━━━━━ Provided material ━━━━━

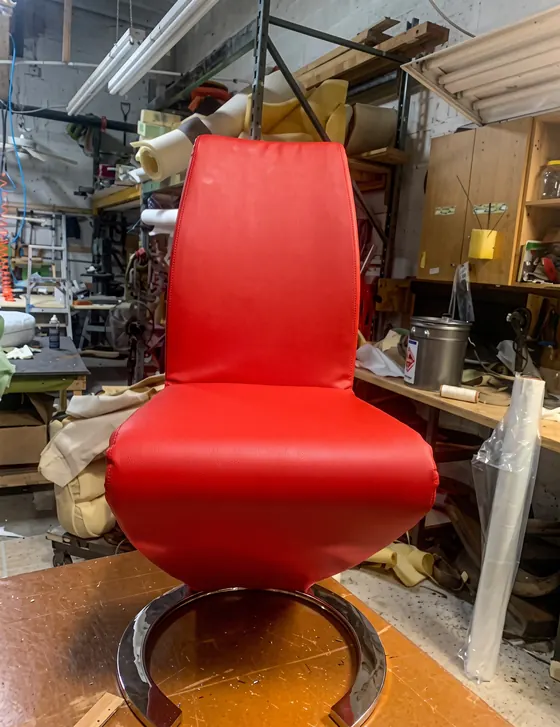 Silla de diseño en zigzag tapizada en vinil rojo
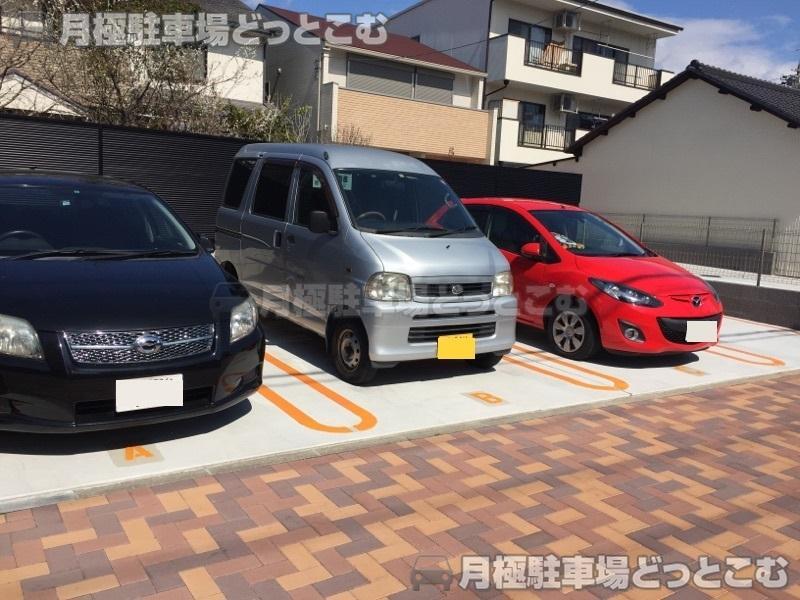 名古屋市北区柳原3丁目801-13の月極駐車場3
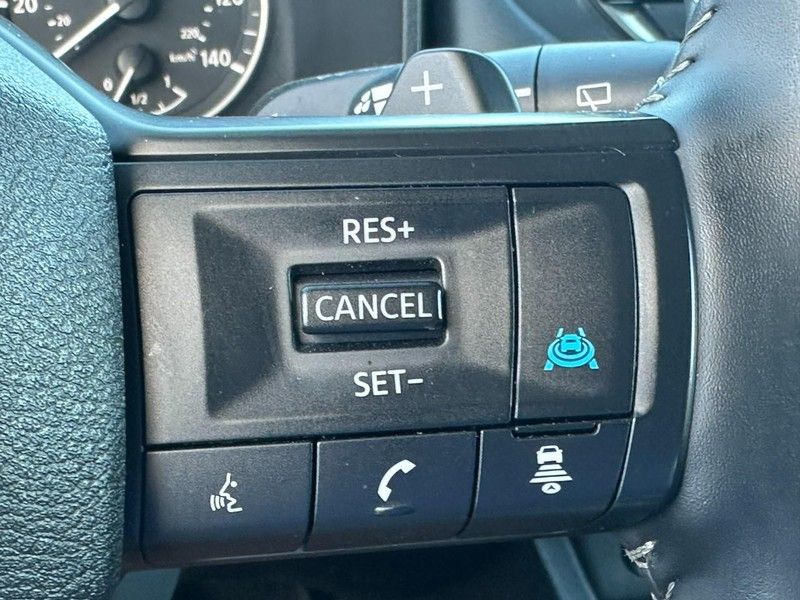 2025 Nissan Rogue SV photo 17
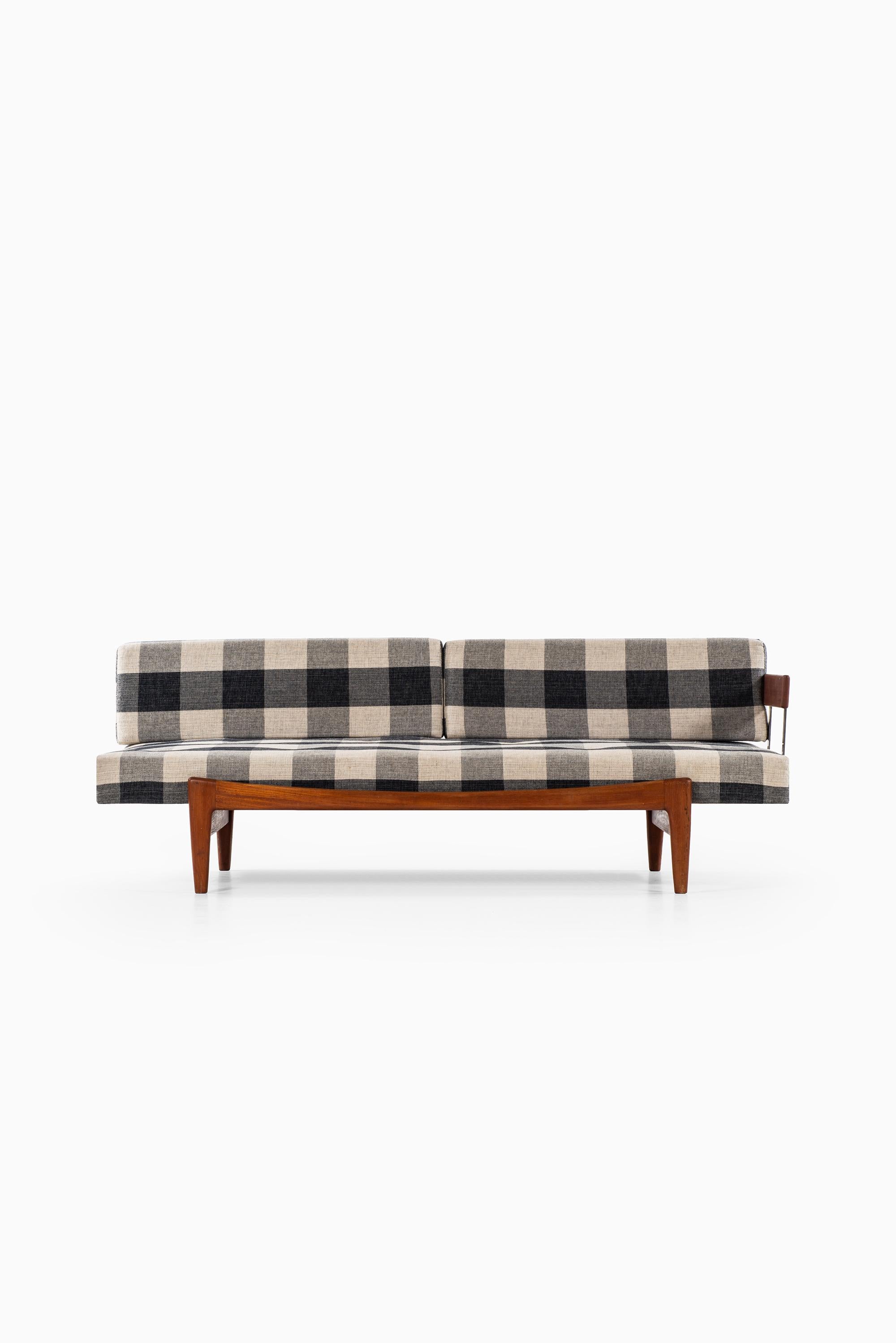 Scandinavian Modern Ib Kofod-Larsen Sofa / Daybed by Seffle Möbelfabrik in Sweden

━━━━━

### Task requirements
Repeat the material exactly. Skip the images.

### Solution below
 Silla de diseño en zigzag tapizada en vinil rojo
 名古屋市北区柳原3丁目801-13の月極駐車場3
 2025 Nissan Rogue SV photo 17
 Scandinavian Modern Ib Kofod-Larsen Sofa / Daybed by Seffle Möbelfabrik in Sweden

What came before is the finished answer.